*** Opening Data supplied ***
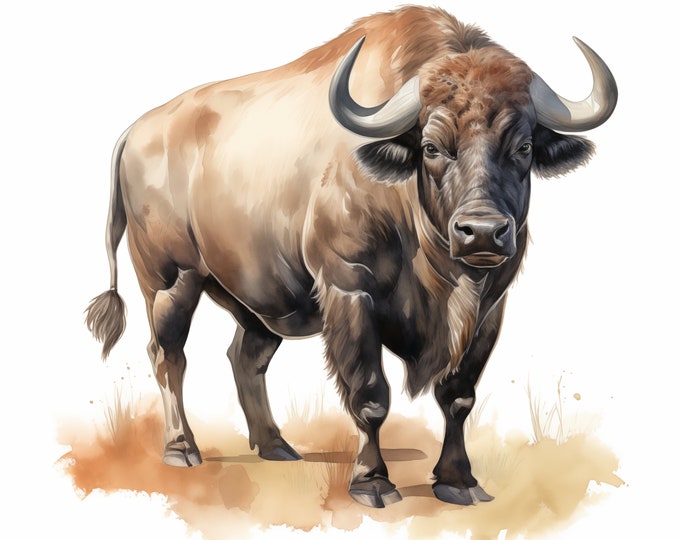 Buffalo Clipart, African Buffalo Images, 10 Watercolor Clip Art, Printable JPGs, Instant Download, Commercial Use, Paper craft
*** Closing Data supplied ***
*** Opening Data supplied ***
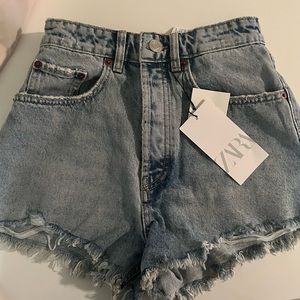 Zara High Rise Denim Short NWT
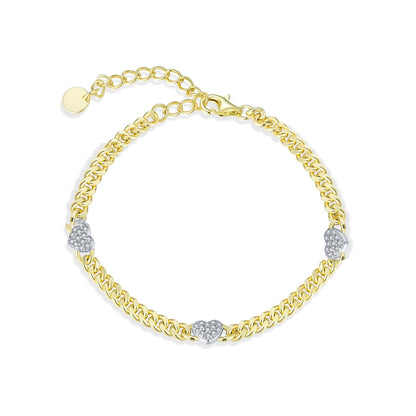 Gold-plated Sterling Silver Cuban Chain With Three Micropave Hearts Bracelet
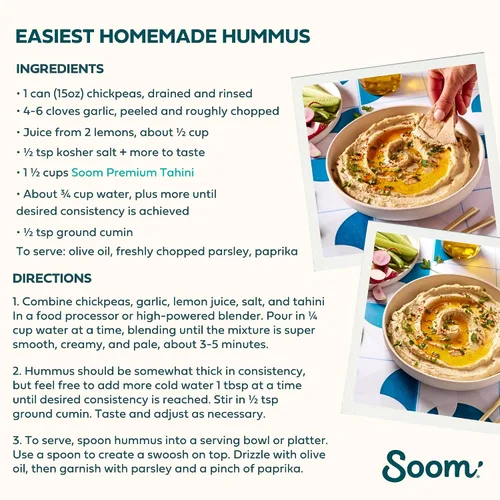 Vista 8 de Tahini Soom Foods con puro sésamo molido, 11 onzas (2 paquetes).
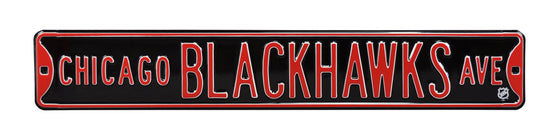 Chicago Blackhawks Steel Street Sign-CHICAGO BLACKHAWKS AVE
*** Closing Data supplied ***
*** Opening Data supplied ***
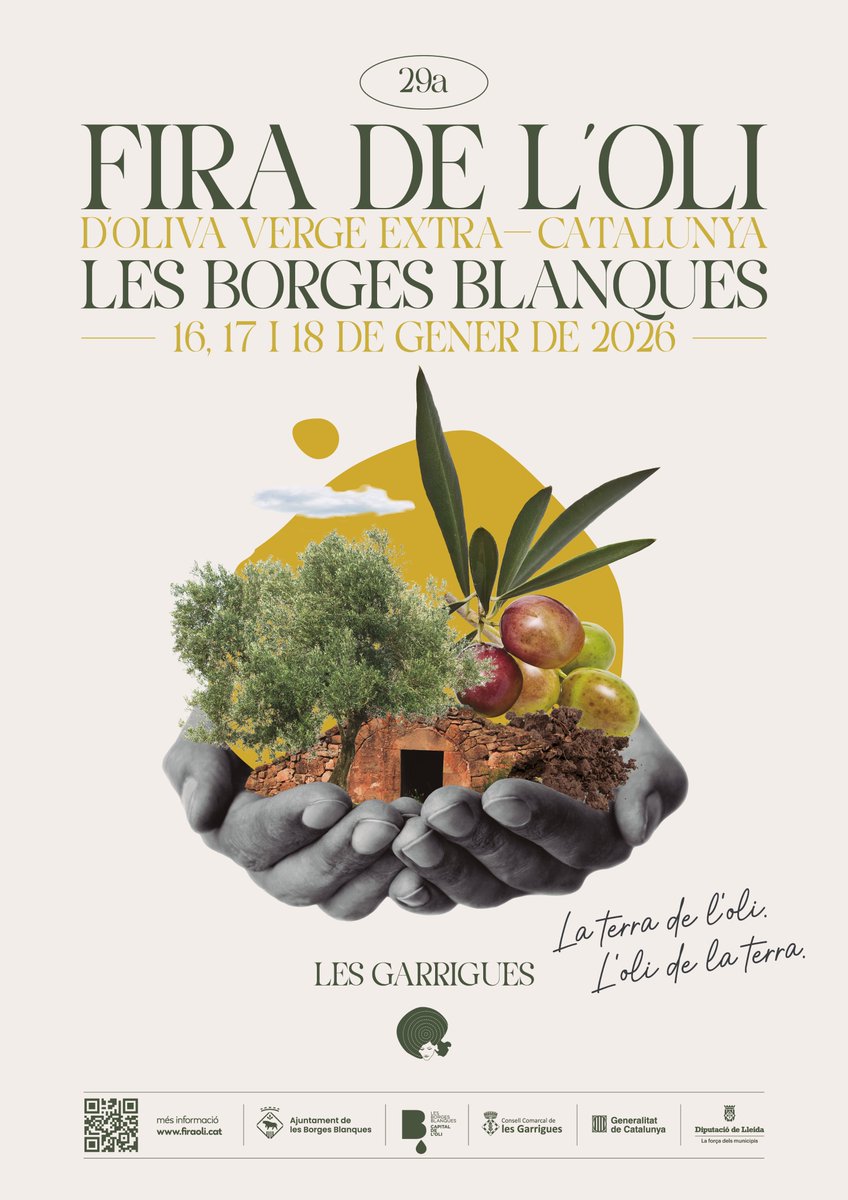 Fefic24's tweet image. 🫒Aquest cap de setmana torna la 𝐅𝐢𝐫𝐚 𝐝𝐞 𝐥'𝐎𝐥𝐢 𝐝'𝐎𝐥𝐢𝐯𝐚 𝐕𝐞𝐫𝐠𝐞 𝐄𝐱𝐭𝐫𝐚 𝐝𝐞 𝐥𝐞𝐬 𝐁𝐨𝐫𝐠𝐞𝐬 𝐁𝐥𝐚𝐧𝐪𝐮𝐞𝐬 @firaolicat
*** Closing Data supplied ***
• [Exercise description]:
Of all the material above, only the lines from the one that has "Vista 8 de Tahini" down to the one that has "Chicago Blackhawks Steel" are to be written out, exactly and with both ends included. Pictures are skipped.

• [Answer]:
 Vista 8 de Tahini Soom Foods con puro sésamo molido, 11 onzas (2 paquetes).
 Chicago Blackhawks Steel Street Sign-CHICAGO BLACKHAWKS AVE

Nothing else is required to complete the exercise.